What the exercise asks: The line containing "2014 Porsche Cayenne Platinum", plus every line that follows it to the end of the listing below, is what you transcribe exactly; omit all pictures.

Information shown:

= Beginning of Section =

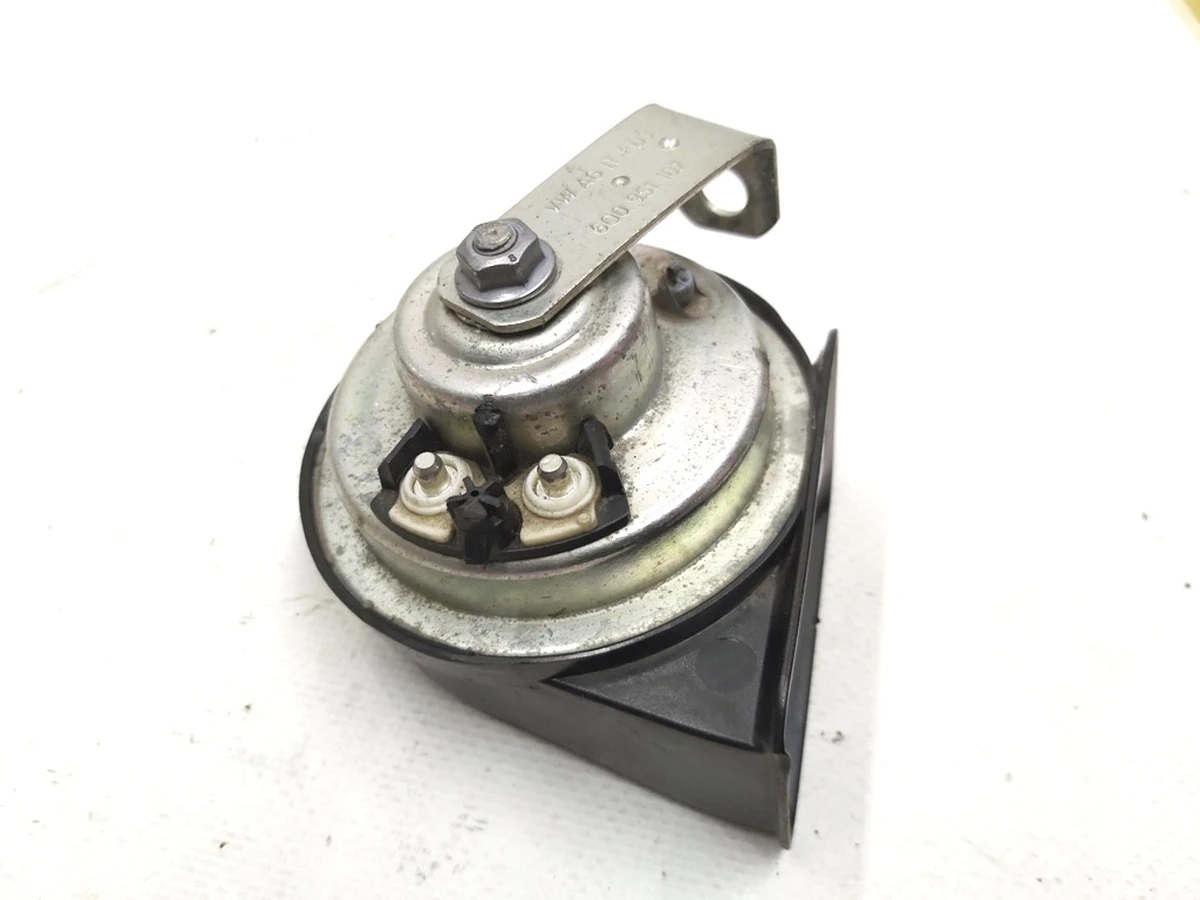 Horn low tone with damage VW E-GOLF 5Q0951221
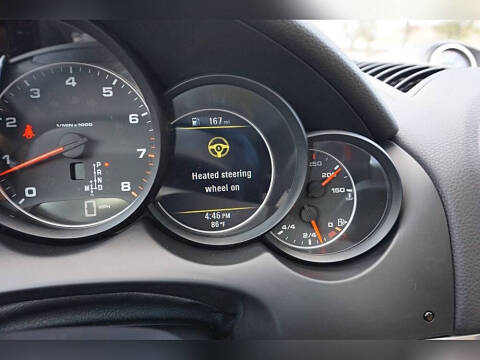 2014 Porsche Cayenne Platinum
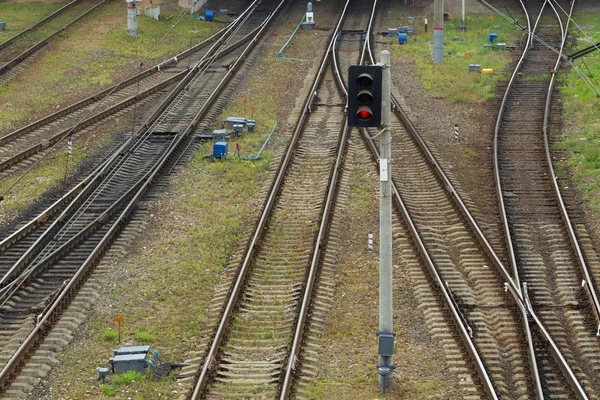 Σηματοφορέα Semaphore Ανάβει Κόκκινο Στο Παρασκήνιο Σιδηρόδρομος Κομμάτια Από Συγκοινωνιακό — Φωτογραφία Αρχείου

= End of Section =

Result of the exercise:
 2014 Porsche Cayenne Platinum
 Σηματοφορέα Semaphore Ανάβει Κόκκινο Στο Παρασκήνιο Σιδηρόδρομος Κομμάτια Από Συγκοινωνιακό — Φωτογραφία Αρχείου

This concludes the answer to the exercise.